Das Unwetter auf Hel


Die Halbinsel Hel hängt 34 Kilometer wie ein fransiger Strich bei Wladyslawowo in die Danziger Bucht. Ich hatte einen ziemlich harten Tagesritt hinter mir und suchte dort lediglich einen Übernachtungsplatz. Der nächste Campingplatz auf meiner Tour lag erst bei Sopot, und bis dahin war es mir zu weit. Die letzten Tage verliefen wettermäßig im Wechsel regnerisch und heiß. Ich musste mein Zelt am Morgen oft nass einpacken, weil es in der Nacht Gewitter gab. Die Tage begannen dann düster, mit Regenschauern durchsetzt. Aber nachmittags setzte sich irgendwann die Sonne durch, und es wurde heiß auf der Strecke. Scheiße heiß – wenn man auf dem Bock über Stock und Stein, bergauf-bergab durch Pommernland radelte. Ich kam nicht selten an meine Grenzen. Nicht unbedingt körperlich, aber moralisch.

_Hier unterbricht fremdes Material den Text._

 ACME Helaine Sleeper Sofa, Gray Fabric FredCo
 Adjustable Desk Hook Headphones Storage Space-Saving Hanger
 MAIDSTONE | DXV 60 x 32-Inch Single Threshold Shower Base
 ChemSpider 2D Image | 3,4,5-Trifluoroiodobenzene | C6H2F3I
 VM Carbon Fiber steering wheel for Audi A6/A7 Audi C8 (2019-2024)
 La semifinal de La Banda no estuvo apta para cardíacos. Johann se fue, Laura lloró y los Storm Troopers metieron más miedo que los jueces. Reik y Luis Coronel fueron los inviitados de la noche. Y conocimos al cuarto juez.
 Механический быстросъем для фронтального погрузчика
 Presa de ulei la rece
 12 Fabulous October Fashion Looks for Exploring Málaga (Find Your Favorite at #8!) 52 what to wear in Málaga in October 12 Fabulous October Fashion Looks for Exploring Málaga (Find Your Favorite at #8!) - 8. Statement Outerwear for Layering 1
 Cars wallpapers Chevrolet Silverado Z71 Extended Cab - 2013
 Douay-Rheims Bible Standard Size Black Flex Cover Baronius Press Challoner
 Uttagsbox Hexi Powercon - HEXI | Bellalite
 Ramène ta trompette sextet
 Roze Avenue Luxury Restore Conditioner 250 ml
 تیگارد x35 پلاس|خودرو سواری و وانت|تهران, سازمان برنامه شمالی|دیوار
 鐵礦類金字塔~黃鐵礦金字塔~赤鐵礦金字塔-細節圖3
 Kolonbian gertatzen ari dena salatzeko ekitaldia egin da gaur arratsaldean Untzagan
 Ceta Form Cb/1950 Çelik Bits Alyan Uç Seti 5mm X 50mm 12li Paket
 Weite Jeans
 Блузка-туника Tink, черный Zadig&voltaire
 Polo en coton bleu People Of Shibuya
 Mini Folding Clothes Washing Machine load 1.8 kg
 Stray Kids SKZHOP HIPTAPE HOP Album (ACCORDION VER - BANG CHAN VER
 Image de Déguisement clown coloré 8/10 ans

Ich war halbwegs zufrieden mit meiner Tagesleistung, als ich beim zweiten Campingplatz auf Hel das Zelt aufbauen durfte. Ich wurde auf meiner Reise ein paarmal abgewiesen. Viele Campingplätze nehmen gar keine Zelte an – nur noch Wohnwägen und Campingbusse, oder sie spezialisierten sich auf Wohncontainer. Das mit dem Zelten scheint immer mehr aus der Mode zu kommen. Die Menschen stehen nicht mehr auf solch Hardcore-Camping. Sie verweichlichen immer mehr. Warum soll man gerade im Urlaub auf Bequemlichkeiten verzichten? Nun ja, ich bin auch eine bequeme Sau… Aber genau deswegen gebe ich mir solche Fahrrad-Reisen, um nicht noch mehr abzustumpfen. Der westliche Konsumsumpf macht dich doch irgendwann blöde, so dass du nicht mehr weißt, ob du noch lebst oder schon total zum Zombie wurdest.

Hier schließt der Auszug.